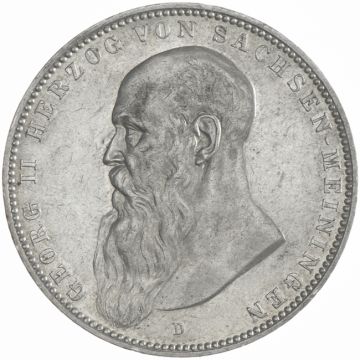 1906 Germany Silver 5 Mark VZ, small crown.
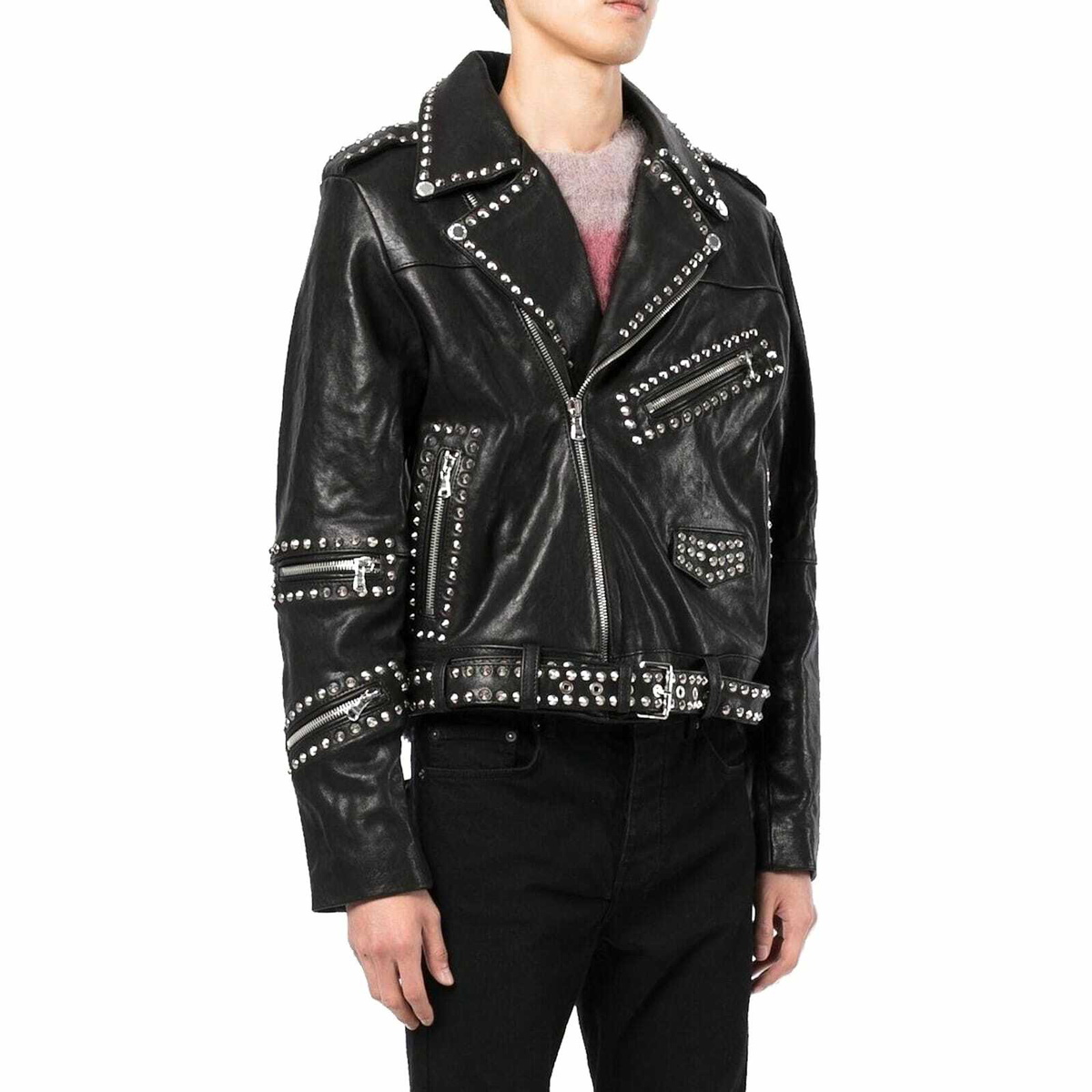 レザージャケット・コート CELINE STUDDED NAPPA COAT Celine Studded Leather Jacket Celine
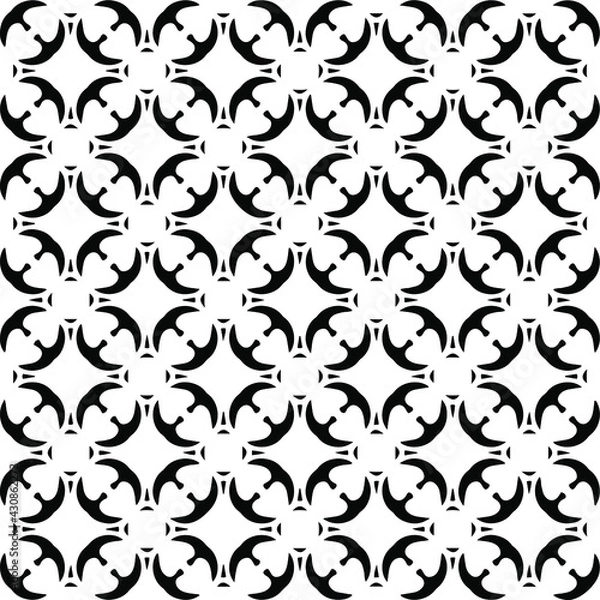 Fototapeta Geometric vector pattern with triangular elements. Seamless abstract ornament for wallpapers and backgrounds. Black and white colors. 
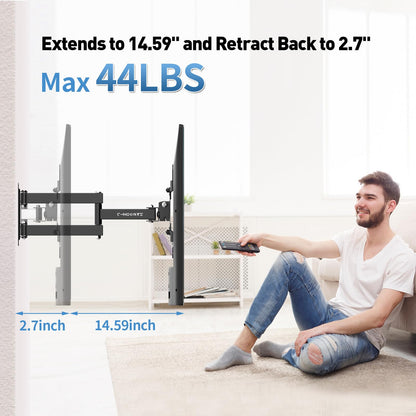 Full Motion Articulating TV Wall Mount Bracket with Swivel Tilt Extension & Rotation, Adjustable Arms for 13-42 Inch Flat/Curved LED LCD TVs & Monitors, Max 44lbs VESA 200x200mm
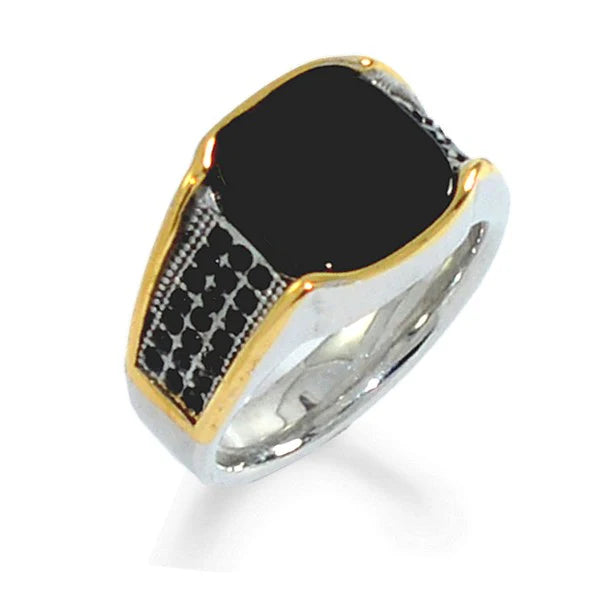 Bague Chevalière Acier Inoxydable 316 Tricolore Noir Or Argenté | 15 mm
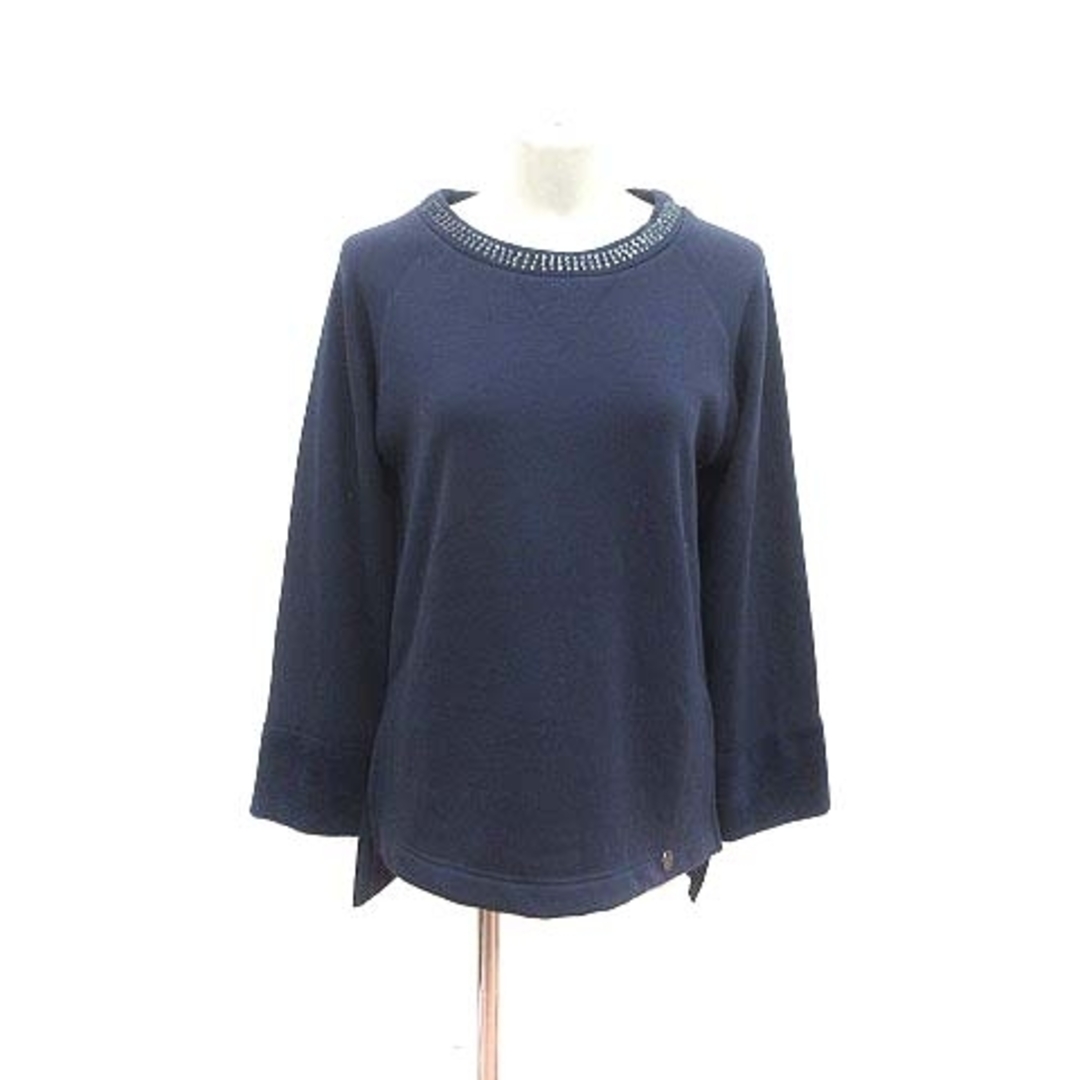 AZUL by moussy(アズールバイマウジー)のAZUL by moussy カットソー 裏起毛 ビジュー 長袖 S 紺 ■MO レディースのトップス(カットソー(長袖/七分))の商品写真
******
*What this task involves*
When pictures appear among the entries, skip them and copy all remaining text precisely.

*Result of this task*
 1906 Germany Silver 5 Mark VZ, small crown.
 レザージャケット・コート CELINE STUDDED NAPPA COAT Celine Studded Leather Jacket Celine
 Fototapeta Geometric vector pattern with triangular elements. Seamless abstract ornament for wallpapers and backgrounds. Black and white colors. 
 Full Motion Articulating TV Wall Mount Bracket with Swivel Tilt Extension & Rotation, Adjustable Arms for 13-42 Inch Flat/Curved LED LCD TVs & Monitors, Max 44lbs VESA 200x200mm
 Bague Chevalière Acier Inoxydable 316 Tricolore Noir Or Argenté | 15 mm
 AZUL by moussy(アズールバイマウジー)のAZUL by moussy カットソー 裏起毛 ビジュー 長袖 S 紺 ■MO レディースのトップス(カットソー(長袖/七分))の商品写真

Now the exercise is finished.